Kemlu RI: Tidak Ada WNI Jadi Korban dalam Kerusuhan Prancis

Sebelumnya dilaporkan, Prancis dilanda kerusuhan pasca ditembak matinya seorang remaja Prancis keturunan Aljazair berusia 17 bernama Nahel M. Tragedi tersebut terjadi pada Selasa (27/6/2023), di Kota Nanterre, pinggiran Paris.

Terkait kerusuhan Prancis, Kedutaan Besar Republik Indonesia Paris (KBRI Paris) mengonfirmasi bahwa tidak ada warga negara Indonesia (WNI) yang terdampak atau terlibat.

"KBRI Paris telah berkoordinasi dengan kepolisian Kota Nanterre serta simpul-simpul masyarakat Indonesia. Hingga saat ini tidak terdapat WNI yang terdampak atau terlibat kerusuhan tersebut," demikian pernyataan tertulis Kementerian Luar Negeri Republik Indonesia (Kemlu RI), yang diterima Liputan6.com pada Jumat (30/6).

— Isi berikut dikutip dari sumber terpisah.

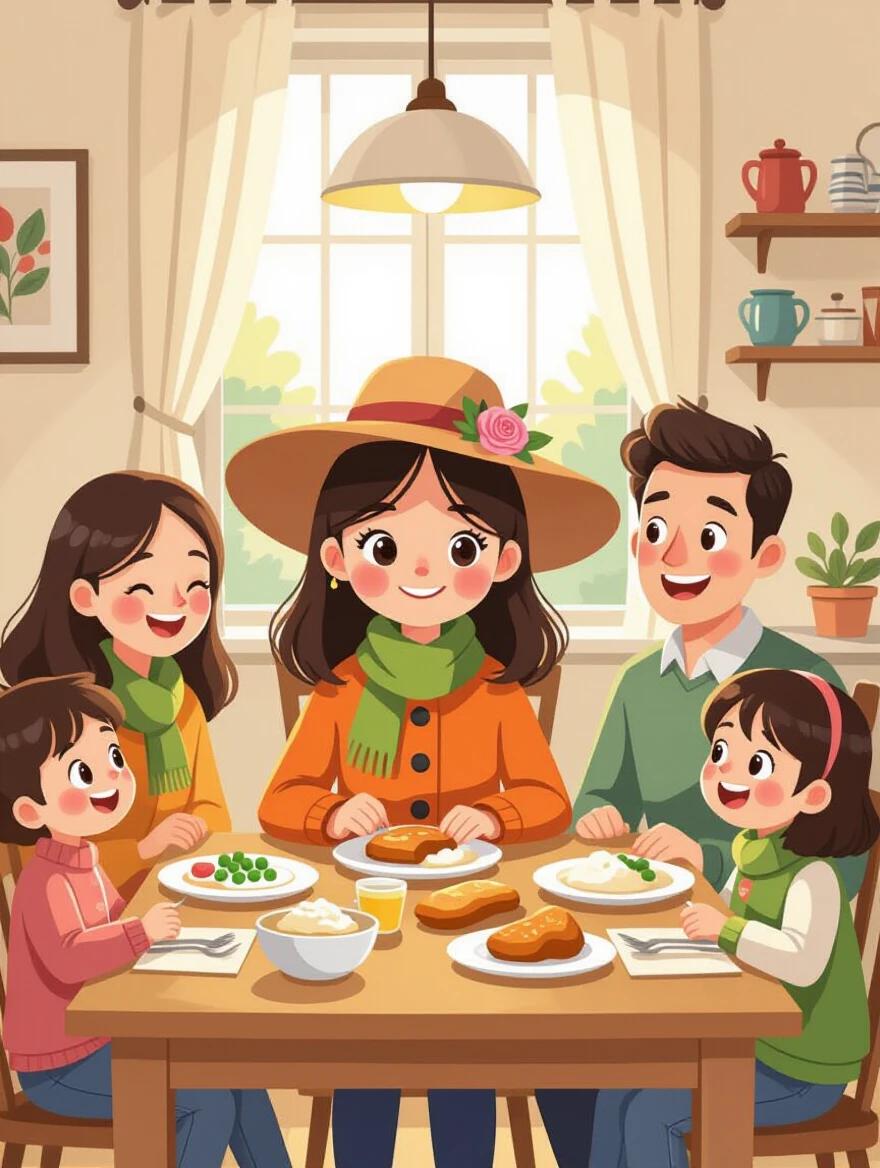 Illustration of a warm family dinner scene. A 10-year-old girl with shoulder-length black hair sits at a wooden dining table. She wears a wide-brimmed brown hat with a pink rose and green ribbon, an orange coat, and a green scarf. Seated around her are her smiling parents and older sister. Each person has their own plate with peas, mashed potatoes, and a breaded cutlet. The dining room has soft lighting, beige walls, and framed artwork. The illustration evokes warmth and harmony.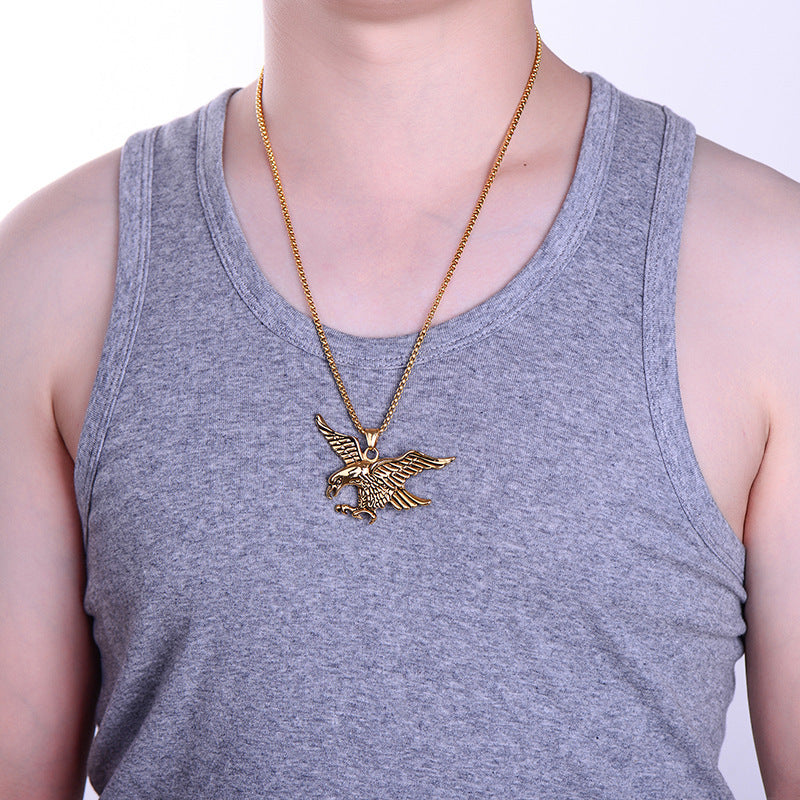 Wholesale Titanium steel men's eagle wings gold-plated necklace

Dalam keterangannya, Kemlu RI menyebutkan bahwa kerusuhan menyebar ke daerah pinggiran Kota Paris lainnya, termasuk di Seine-Saint Denis, Villeurbanne, dan juga di sejumlah kota besar termasuk Nantes dan Toulouse hingga Rabu (28/6) malam.

Lebih dari 600 orang ditangkap saat pemerintah Prancis berupaya memulihkan ketertiban pasca kematian Nahel.

"Polisi menahan 667 orang," sebut Menteri Dalam Negeri Prancis Gerald Darmanin seperti dilansir VOA.

Kementerian Dalam Negeri Prancis menggambarkan penangkapan tersebut sebagai peningkatan tajam dari operasi sebelumnya dalam upaya pemerintah bersikap sangat tegas terhadap para perusuh.

Markas polisi Paris menegaskan bahwa dari jumlah tersebut, 307 di antaranya berasal dari wilayah Paris saja.

Juru bicara polisi juga mengonfirmasi bahwa 200 petugas terluka. Sejauh ini belum ada informasi terkait korban luka di kalangan demonstran.